Diet, weight, exercise and other lifestyle-related factors influence vulnerability to hypertension, but researchers also believe 30 percent or more of the variation in hypertension risk among individuals is due to genetics.
High blood pressure is a leading cause of stroke, heart attack and kidney failure and affects an estimated 1 billion people worldwide. Medical researchers want to know who is at risk because of their genes. If risk genes differ among those who are susceptible to hypertension, then the favored treatment may differ among patients.
Mark Seielstad, PhD
Thankfully blood pressure medications are effective for many patients, because personalized medicine for hypertension is not a field that is advancing rapidly. Blood pressure risk genes remain elusive – at least any that play a major role for most people.
The largest study to date – published in the scientific journal Nature this week – still leaves many risk genes undetected. But the search will continue, UCSF researchers say, perhaps with a shift in sleuthing strategy.
For the latest study, a team of 351 scientists in 24 countries tracked down DNA variations in global populations. The researchers analyzed DNA in 270,000 individuals from Europe, Africa and Asia.
Their research uncovered 16 new genetic variations associated with hypertension risk and validated 12 others identified in their previous research, but the influence of these variations on blood pressure is modest.
The researchers coupled clinical records with their genetic data to estimate that the variations collectively might elevate blood pressure by 4 mmHg (millimeters of mercury), about the same amount an anti-hypertensive drug might be expected to lower blood pressure on average.
Largest Hypertension Population Genetics Study
The size of the study made it possible to confidently identify and validate DNA variations that have only a small influence on blood pressure, according to UCSF researcher Mark Seielstad, PhD, a co-author on the study.
“It is by brute force and size alone that allows us to detect – with statistical confidence – what are pretty subtle effects on blood pressure.”

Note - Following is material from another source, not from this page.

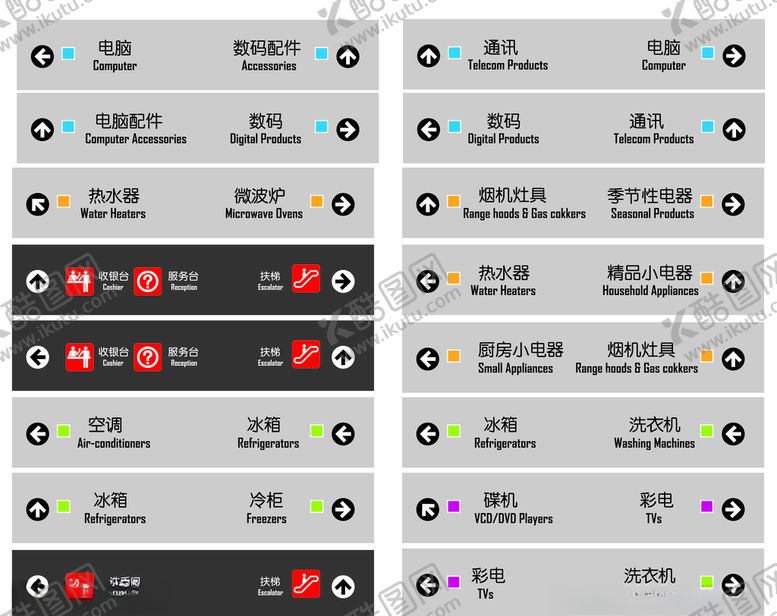 编号：16781910281638548012【酷图网】源文件下载-电器品类导引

For the newly reported study Seielstad helped analyze data from populations in Singapore.
In follow-up studies of cells growing in culture the researchers have identified biochemical pathways affected by some of suspect genes within the regions of DNA variation identified. The research points the way for exploring new targets for drug development.
“Each of these bits of DNA is doing something physiologically to affect blood pressure, and that knowledge is itself useful,” Seielstad says.
But given the cost and the massiveness of the undertaking, not all are impressed with the results.
Hypertension Genome-Wide Association Studies
Theodore Kurtz, MD, a UCSF professor of laboratory medicine and a former head of the American Society of Hypertension, has some reservations about the study methods.
Theodore Kurtz, MD
For one, researchers have long been able to identify potential hypertension drug targets through other types of studies, including research on families with unusual genetic forms of hypertension caused by very rare mutations and research into the biochemistry of known physiological mechanisms governing blood pressure.
“I think the studies had to be done, but they were very expensive and very time consuming, and took of an enormous amount of resources,” Kurtz says. “From the perspective of many scientists and physicians, so far the payoff has been disappointing.”
The resource-intensive studies that were expected to unearth key genes – called genome-wide association studies (GWAS) – have in fact resulted in many new gene suspects being identified. These common DNA variants are found in less than half of a population and in as few as 5 percent or so.
GWAS is not an unreasonable approach if one expects common variations to account for a major portion of the disease risk, Kurtz admits.
But now that the studies have been done, it may be time to try another approach, according to both Kurtz and Seielstad.
Search for Rare Blood Pressure Gene Variations with Greater Influence
“Maybe rare genetic variants are contributing more to risk variation within the human population than we earlier expected,” Seielstad says, sharing a perspective gaining popularity among researchers who study common, complex, chronic diseases.
Seielstad and some other blood pressure researchers now think that a large number of more rare genetic variations, each with greater influence on blood pressure, are responsible for the bulk of the genetic component of hypertension.
GWAS – even those studies in which researchers probe the genomes of 25,000 or more participants – are ill suited to identify rare genetic variations present in fewer than about 1 in 100 people, he says.
GWAS offers a quick sweep of the entire complement of human DNA – but it is not a complete mapping. Technical advances now make it increasingly feasible to conduct letter-by-letter sequencing of the human genome on hundreds of individuals – or at least on the bits of DNA that encode proteins. This method, called high-throughput sequencing, will turn up more uncommon genetic variations that may have a greater influence on hypertension, according to Seielstad.
“The belief is that we now have accounted for maybe 10 percent to 40 percent of the genetic variation in hypertension,” he says. “The hope now is that rarer variations will have a bigger effect on disease risk, and that we will be able to fill in the missing gaps with high-throughput sequencing.”
Private companies are now contracted to perform genomic DNA sequencing for researchers in studies that include hundreds of patients, Seielstad says.
But while you’re waiting for personalized medicine to make deeper inroads into hypertension, you can still help yourself. Whatever genes they have inherited, almost all individuals can reduce high blood pressure risks by cutting out salt from their diets and losing a few pounds if they are overweight, Kurtz says.